At the end of 2010, 1,880 MW of wind farm capacity was installed in Australia, consisting of 1,052 operating wind turbines spread over 52 wind farms. The amount of wind energy generation capacity has increased by an average of 30% per year over the past decade. While policy uncertainty, the low price of renewable energy certificates and the financial crisis made it difficult for developers to secure financing in 2010, recent changes to the implementation of the Renewable Energy Target should go a long way toward returning stability to the industry.

Three new wind farm projects, which are all located in South Australia, became fully operational in 2010, adding 167 MW of wind power capacity to the Australian electricity grid: Hallett 2 (71.4 MW), Clements Gap (56.7 MW) and Lake Bonney Stage 3 (39 MW). A further eight wind farm projects totalling 1,047 MW are currently under construction and expected to be completed within the next three years.

An additional 8.8 GW of wind power projects are proposed for development in Australia, and have either received planning and environmental approvals or are currently applying for them, and another 5 GW of projects are undergoing feasibility studies. There is no shortage of available prime onshore wind sites in Australia, and as a result, there are currently no plans to develop offshore wind farms.

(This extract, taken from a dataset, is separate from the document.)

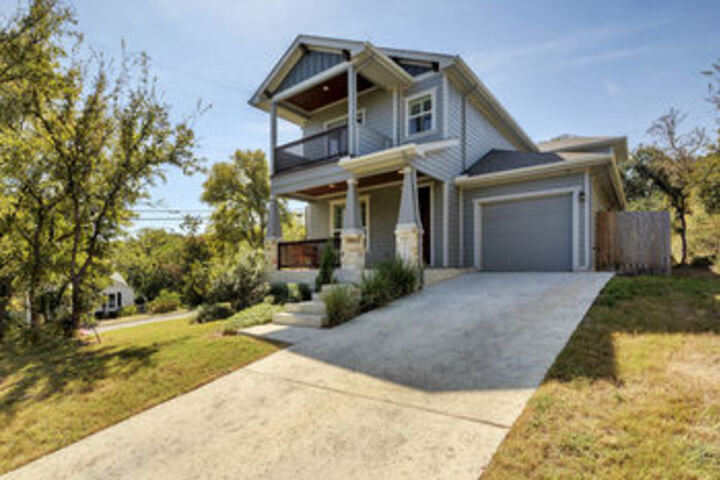 Exterior of East Austin 4Br Modern Luxury Home Walk to The Boardwalk by RedAwning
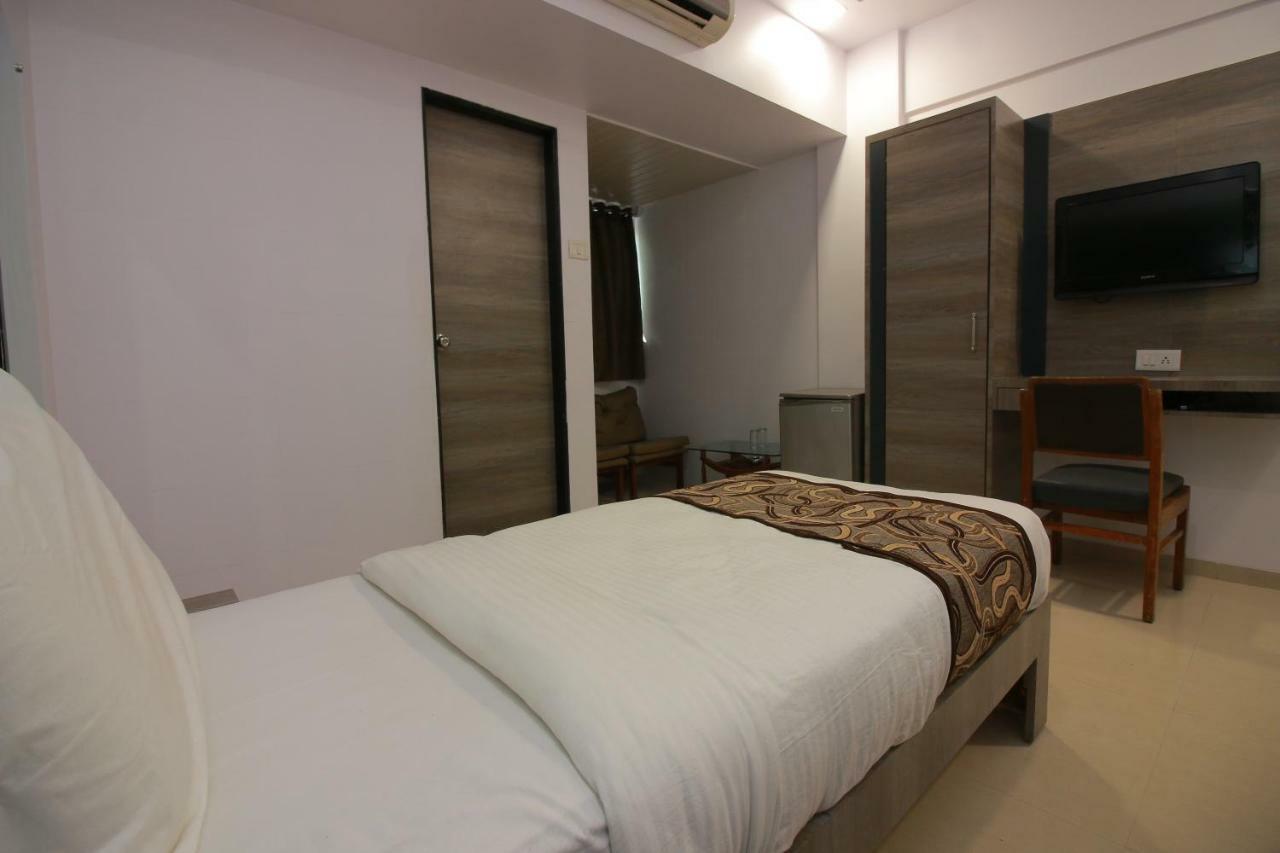 Hotel Apex Navi Mumbai Exterior photo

The size of Australian wind farms is increasing, and Acciona’s 192 MW Waubra wind farm in Victoria is currently the largest with 128 wind turbines spread over 173 square kilometres. However, significantly larger wind farms are under development, including the 420 MW AGL/Meridian Energy Macarthur wind farm in Victoria. The biggest wind energy project currently proposed is a 1,000 MW wind farm in New South Wales (Silverton wind farm) by Epuron, which, in its current form, will have 598 wind turbines and meet 4.5% of the state’s total power consumption.

While wind farms are present throughout Australia, South Australia accounts for nearly half of the total national wind farm capacity.

Installed wind farm capacity in Australia by state
State -Installed Capacity -(MW)
South Australia 907 MW
Western Australia 428 MW
Victoria 202 MW
Tasmania 187 MW
New South Wales 143 MW
Queensland 12 MW
Australian Antarctic Territory 1 MW
Total: 1,880 MW

Vestas dominates the Australian wind turbines market with a market share of 38%, followed by Suzlon with 25%. Other international wind turbine manufacturers are also present with smaller market shares, including NEG Micon (11%), Acciona (10%), Repower (8%) and Enercon (6%).

The Australian government’s Renewable Energy Target (RET) Scheme started on 1 January 2010, mandating that 20% of Australia’s electricity supply be sourced from renewable energy by 2020. The RET expands on the previous Mandatory Renewable Energy Target (MRET), which began in 2001.

The RET is crucial in supporting investment in the renewable energy industry and it provides the main incentive for wind power development in Australia, unlocking an expected investment of more than AUD 20 billion (EUR 15 billion / USD 20 billion) over the next decade. As it is the least expensive large scale renewable energy, much of this target is expected to be met with investment in wind energy.

However, during the last two years, difficulties with the implementation of the RET coupled with the global financial crisis and policy uncertainty surrounding a price on carbon affected the lending practices and risk appetite of banks. This made it difficult for wind farm developers to secure financing in 2010.

In June 2010, the Australian Parliament passed legislation to separate the RET into two parts – the Large-scale Renewable Energy Target (LRET) and the Small-scale Renewable Energy Scheme (SRES) – and this legislation entered into force on 1 January 2011. Separating the two parts is intended to provide greater certainty for large-scale renewable energy projects and small-scale renewable energy systems by addressing the oversupply of certificates.

Other policy measures for renewable energy development include the GreenPower schemes, which allow consumers to purchase renewable energy from their electric utility, as well as state-based feed-in tariff or buyback schemes for domestic scale wind technology that provide some level of payment or credit towards electricity bills.

In July 2010, the Environment Protection and Heritage Council released its draft National wind farm Development Guidelines2 for a period of 12 months to provide jurisdictions with the opportunity to assess how these guidelines would be incorporated within their existing planning and development processes. The guidelines aim to outline best practice for industry and planning authorities in areas including heritage, threatened species and wind turbine noise.

The Australian Wind Energy Forecasting System was launched in 2008. This is a centralised system that provides predictions of wind energy generation using weather forecasts from meteorological bureaus and operational data  from wind turbines to forecast expected wind energy generation.